The construction site was launched in September 2009 and delivered at the end of 2016. During the peak period (around the end of 2011 and the start of 2012), 7,000 employees were involved. A few figures demonstrate the sheer scale of the project: 690,000 m2 of flooring, 450,000 m3 of concrete, 66,000 tonnes of steel frames, 330,000 m2 of curtain walls, 145 lifts, etc. Altogether, 696,000 m² of space was built.
Aside from its sheer size, the principal challenge of this project lay in organisation. Logistics management was one of the biggest challenges as the quantity of materials used was breathtaking: up to 1,000 m3 of concrete and between six and ten semi-trailers of steel per day during the structural works phase. To increase storage space on-site, an intermediary storage site was set up outside the city, some 30 minutes from the site. A team of roughly ten people worked on scheduling for the construction site, optimising procurement and taking account of the risks in the country.
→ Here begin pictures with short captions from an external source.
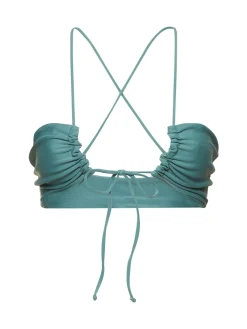 Top bikini Livi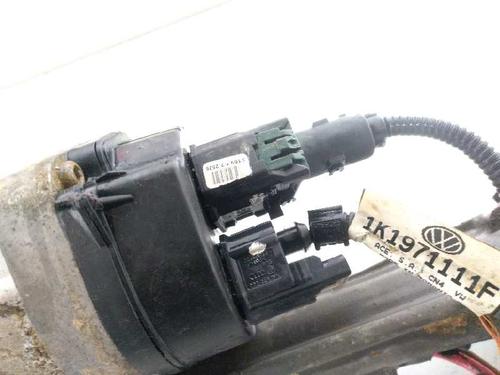 Steering rack SEAT TOLEDO III (5P2)  | BP20782308M22 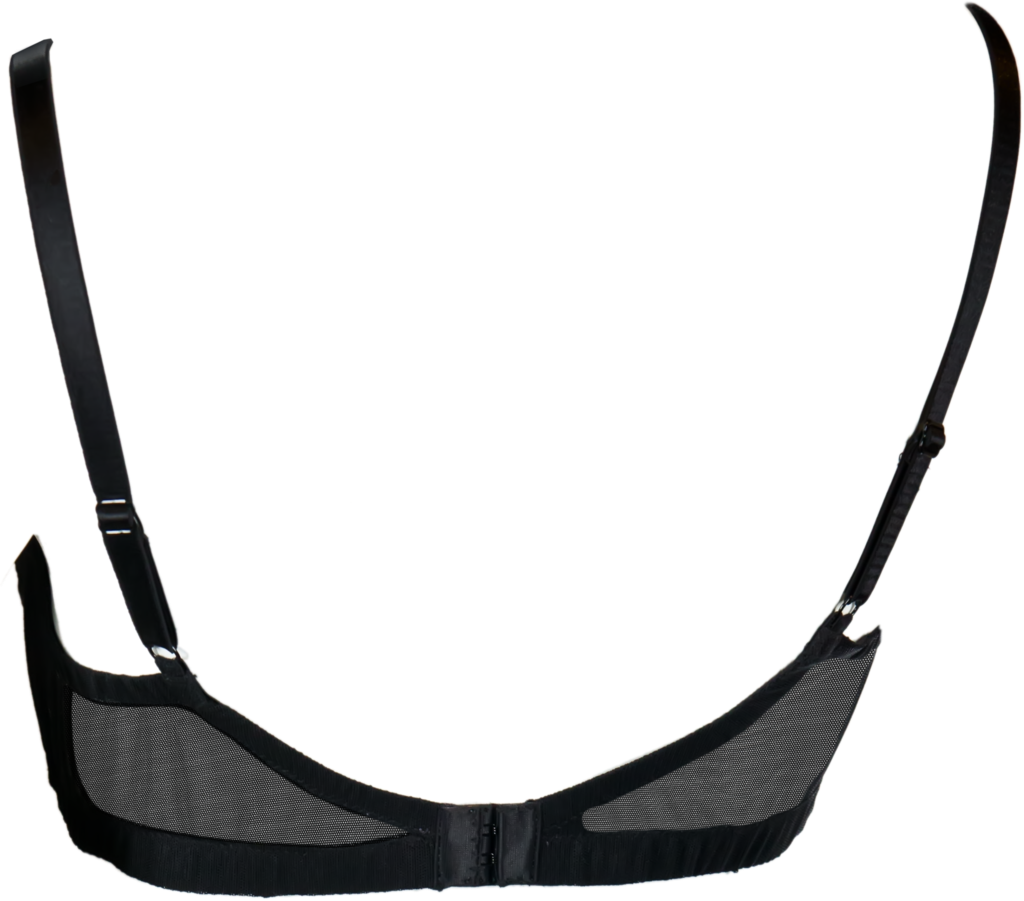 Be Sure To Check Out Kitt Allan Products This Holiday - Hammock Clipart (1024x901), Png Download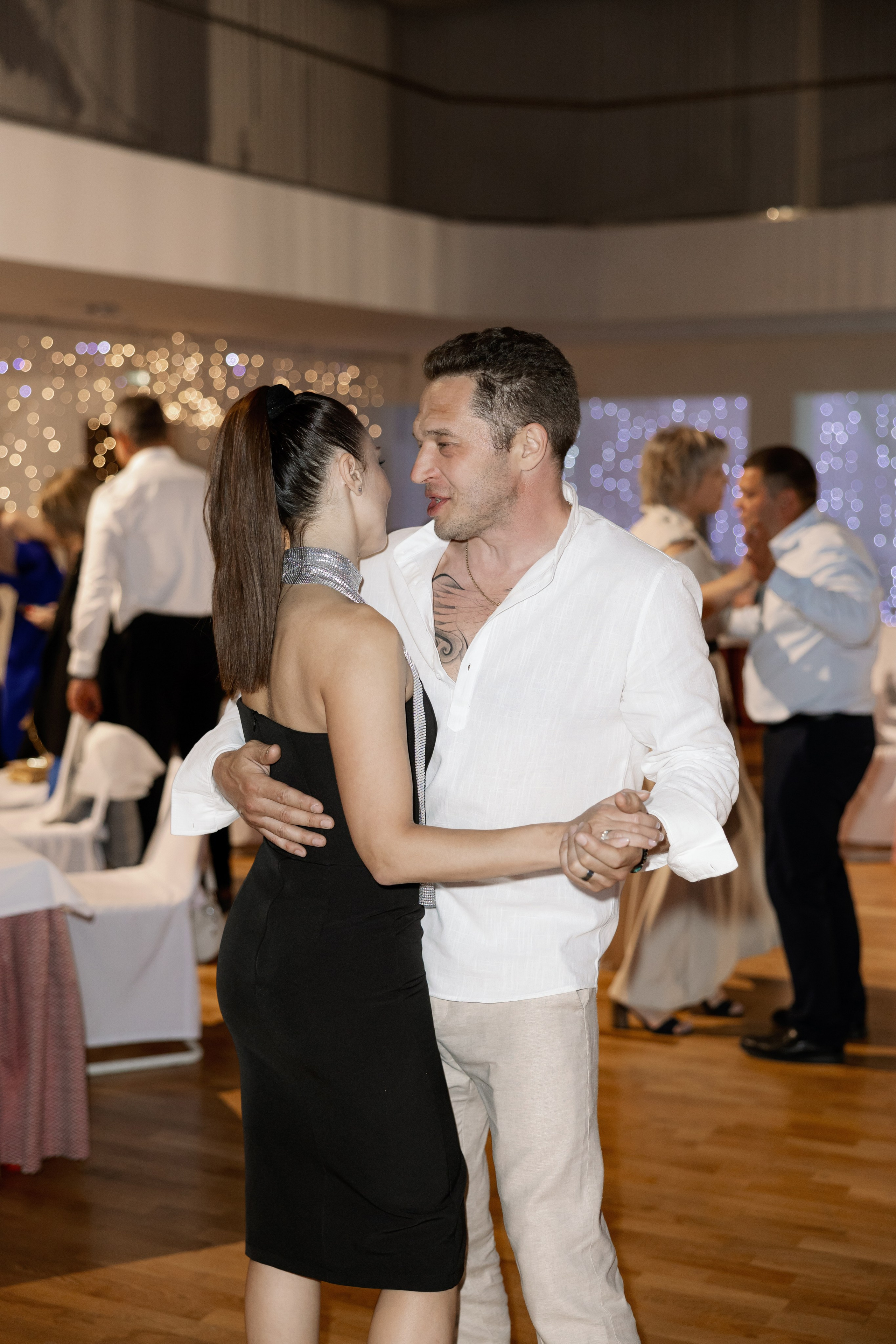 2023.06.29. Фотограф в Красноярске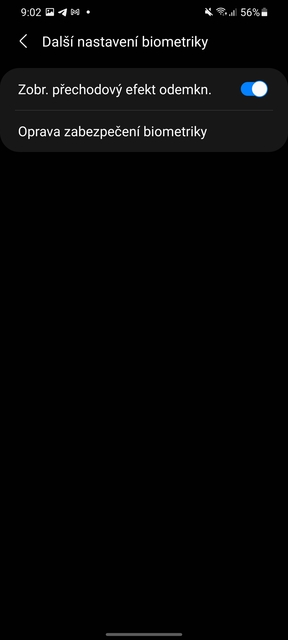 Samsung Galaxy S21 Ultra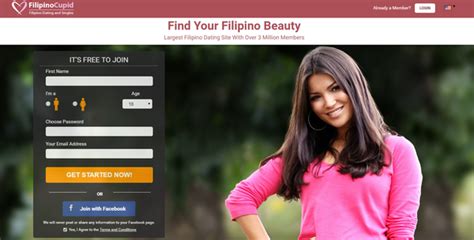 the 5 best online dating sites in the philippines visa hunter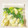 MOKUROU's cooksnap of when they made すぐ使える長ネギ（冷凍保存）.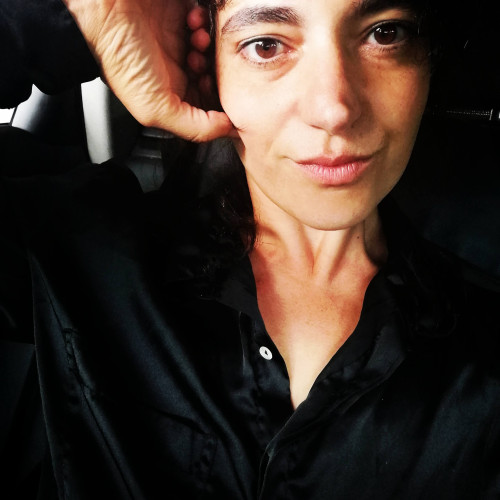 Catarina P.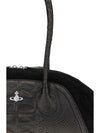 shirley small shoulder bag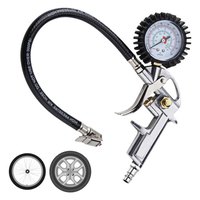 all-ride-99979-inflate-gun-with-pressure-gauge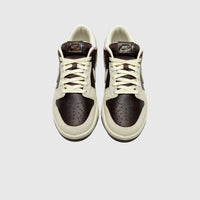 DUNK LOW RETRO "FAUNA BROWN"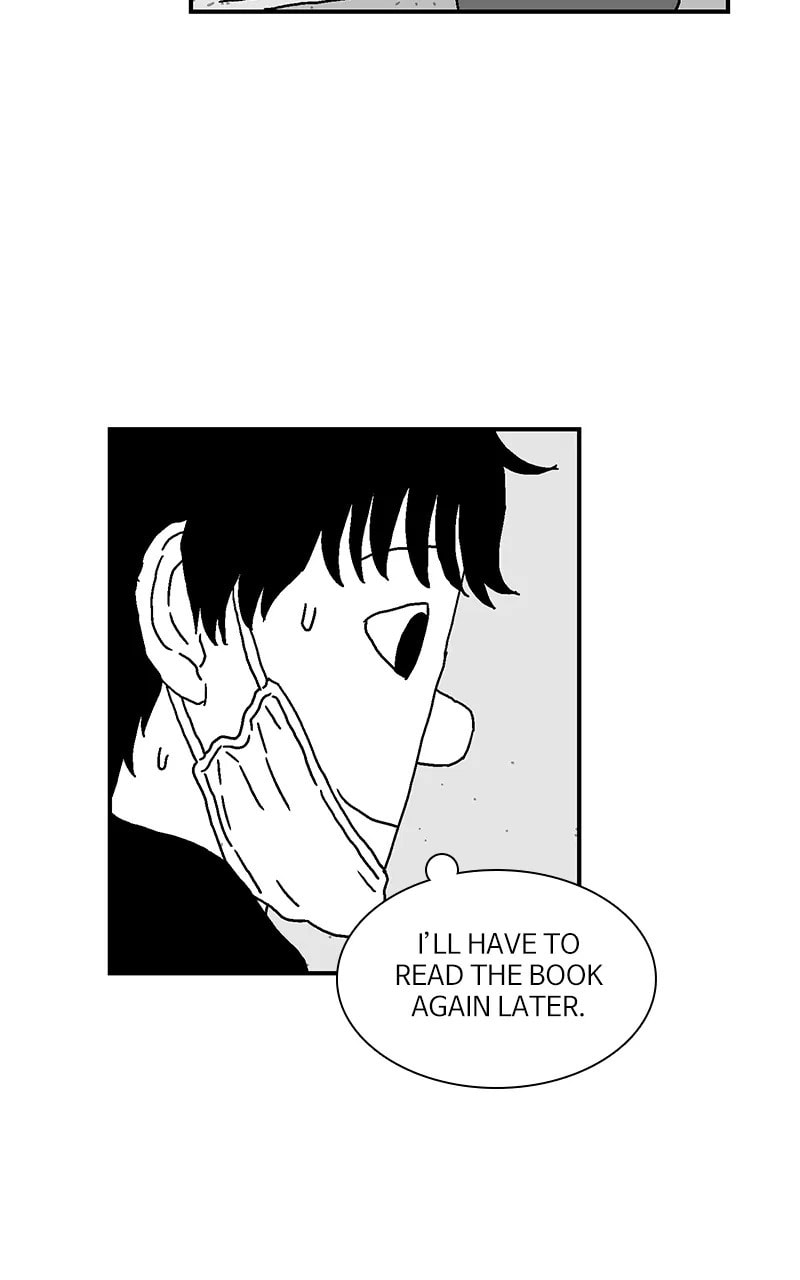 With Tony Chapter 22 page 50 -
To set up the security system most suitable for the nine towers and three underground levels that make up the QP District, Alcea Qatar performed a technical study to draw up an implementation plan. The system included features such as access control, physical obstacles, X-ray screening, worker protection and anti-intrusion video surveillance. In total, more than 3 000 cameras and 2,500 access control points were installed at the site.
For the safety of site workers during the installation of posts and girders on the outside of the building, a coupled system of rail-guiding and crane-hoisting was used. This also prevented falls over four levels simultaneously.